2.3.2.3. Check Sheets
Data can be collected in many ways. One method is the use of check sheets. Check sheets allow people to collect and record data on a real-time basis at the location of the data source. The check sheet is typically used for data on locations. This can be anything from defect locations on a product to injuries on a body location to locations in a facility where injuries or other events occur. Like the Pareto chart, the check sheet attempts to narrow down occurrences or root causes to the vital few areas of needed focus.
In order to collect data, a check sheet needs to be set up. To set up a check sheet you must
decide on the type of data you want to collect and the time frame required for collecting the data. It captures the data at the source and is an input to process improvement tools such as Pareto charts and histograms.
Data are recorded on a check sheet by placing a tick mark; for example, “III” or “XXX”
indicates three instances for that location during the observation. Once the check sheet is completed, it is read by observing the number of tick marks on the sheet against each location.
Check sheets can be used for any of the following:
To categorize observations. Observations can be categorized and the frequency of occurrence captured under each category.
To show the location of an occurrence such as a measles chart. This type of check sheet is known as a pictogram (see Section 2.3.4.2, “Concentration Diagrams”).
To record inspection data. The check sheet is segmented into measurement intervals and the actual measurements are recorded as tick marks in the appropriate interval.

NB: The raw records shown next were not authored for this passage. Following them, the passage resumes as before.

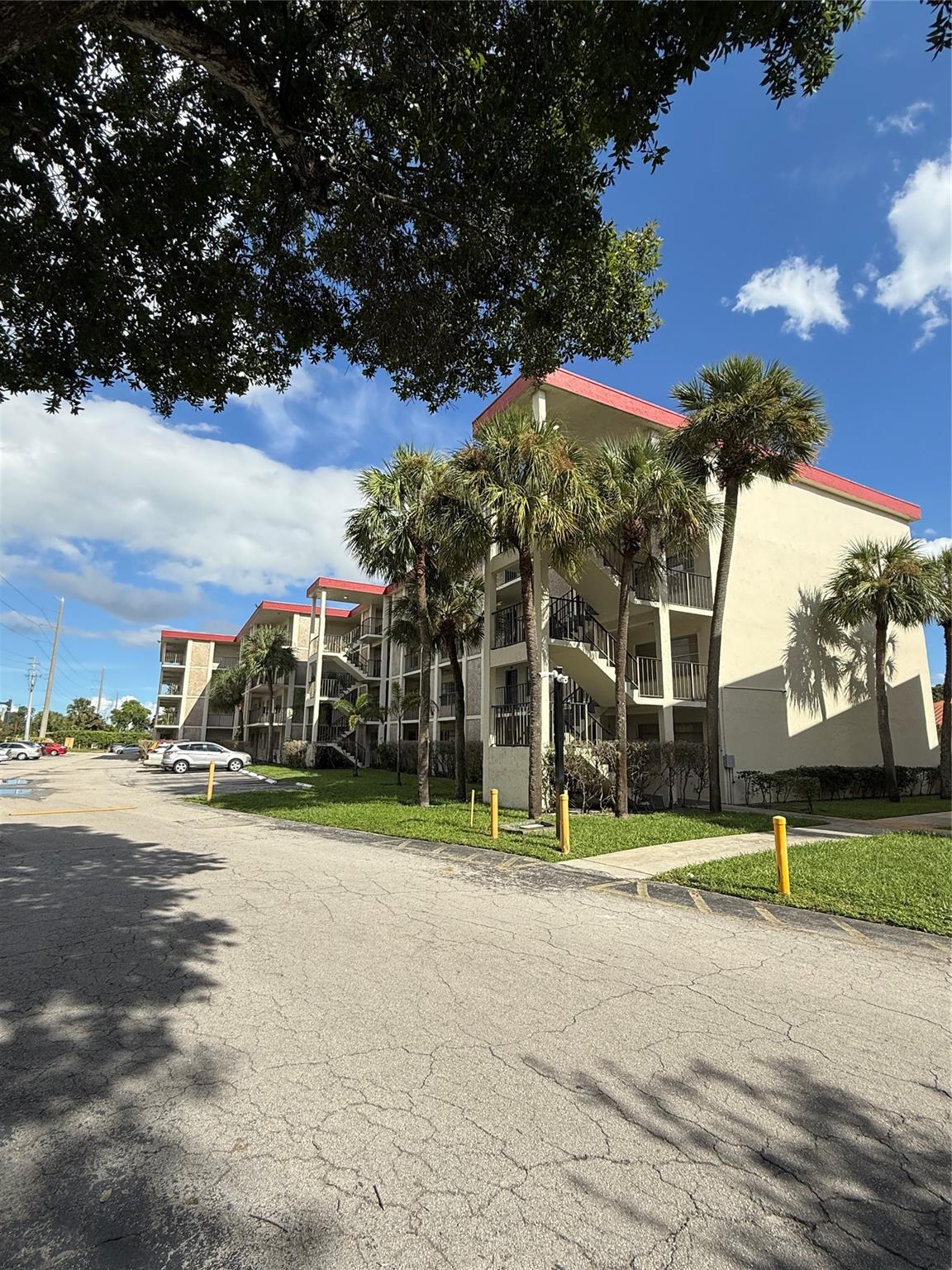 CYPRESS CHASE CONDO C - Residential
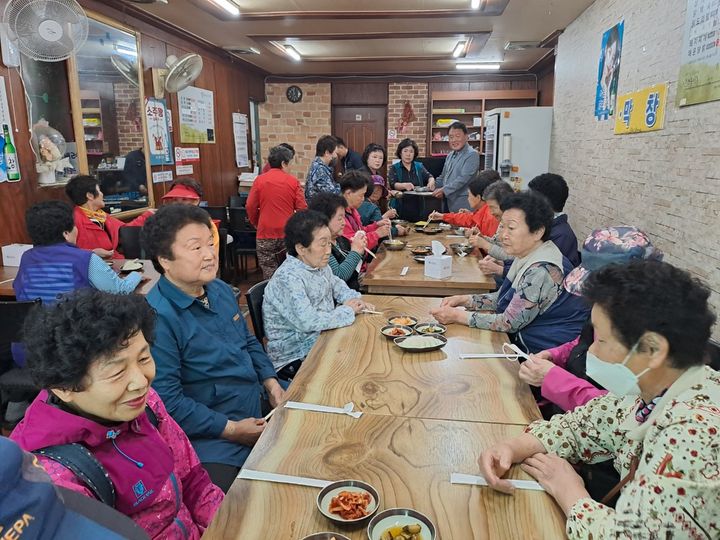 [대구=뉴시스] 어버이날 대구시 서구 비산동의 한 식당에서 마을 노인들이 무료로 제공하는 국수를 먹기 위해 기다리고 있다. (사진=대구시 서구 제공) 2024.05.28. photo@newsis.com *재판매 및 DB 금지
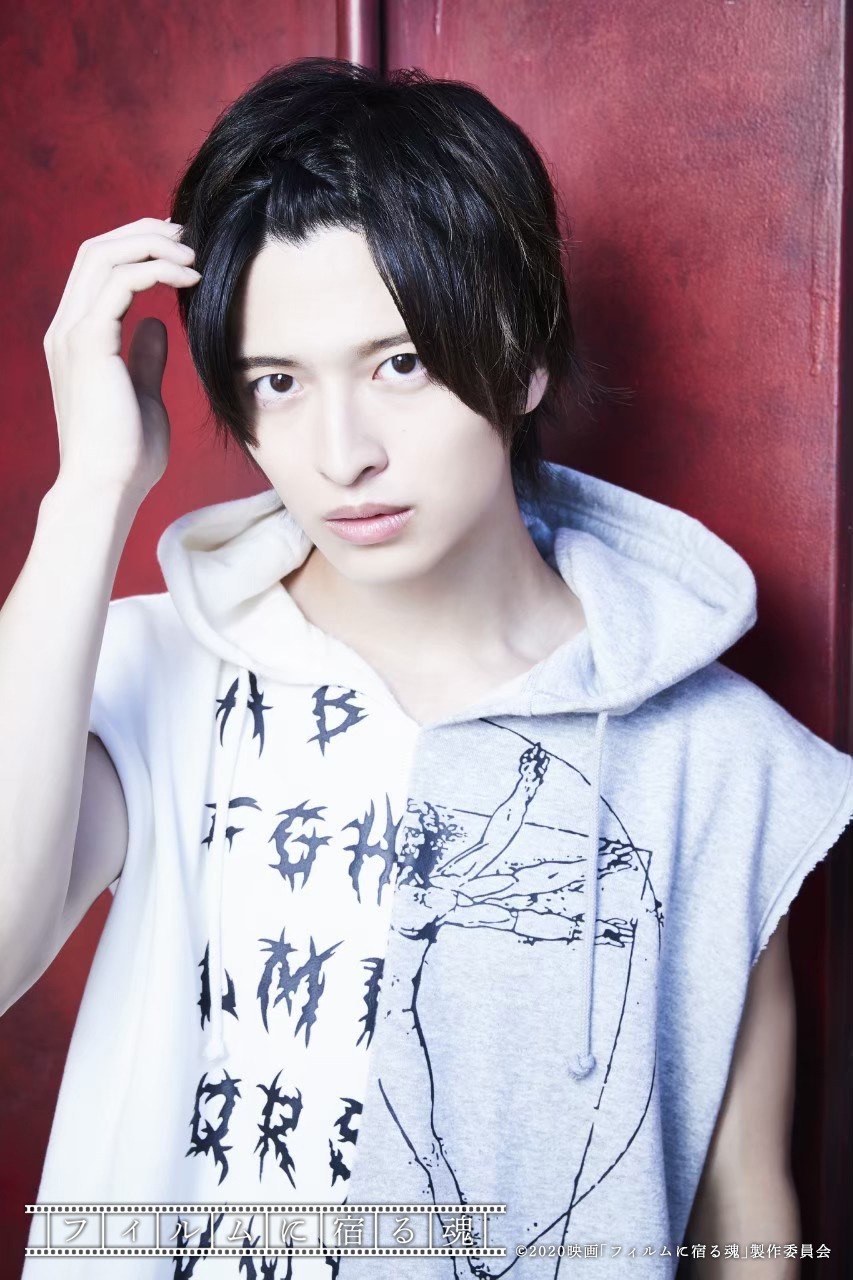 「フィルムに宿る魂」劇場入場者にプレゼントされる、B2takes!!のオリジナルブロマイド（森勇翔）。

Constructing a Check Sheet
1. Decide what data to collect and why they need to be collected. What question will be answered by collecting these data? Who will collect the data? Select the appropriate data to be collected that will address the purpose.
2. Decide on the frequency, timing, and location for collecting the data.
3. Construct a form to collect the appropriate data. A table or picture may be used.
4. Create an operational definition for the data to be collected. In other words, define the categories, defect types, locations, and so on, that will help the person gathering the data determine the category where a tick mark should be placed.
5. Provide training to the person recording the data on how the data should be collected and recorded.
6. Let people know what is going on, and how the data will be used, in the area where the data collection is taking place.
7. Keep the data honest; do not discard data that disagree with the hypothesis.
8. Determine how the data will be analyzed.
9. Do not punish or blame people for what the data reveal. If you penalize individuals, subsequent data collection efforts may not be successful.
Example of a Check Sheet
A high school wanted to collect data on errors that occur on an essay test administered to students. A check sheet was constructed and data gathered (Table 2.3.2.3-1).
Example of a Pictogram (Concentration Diagram)
A car service center identified the location of rust on car doors by having a picture of the car door and marking the location of the rust for every car it serviced. “X” marks the location of the rust. At the end of the study, the pictogram identified areas where the service center will have to provide rust prevention. The pictogram (Figure 2.3.2.3-1) indicates that rust on the bottom of the door is a problem. There is no rust on the other areas of the car door.
Histograms, Pareto charts, and check sheets are all tools utilized in root cause problem solving. Each of these tools can be used for defining an issue or determining the significant root causes of a particular problem.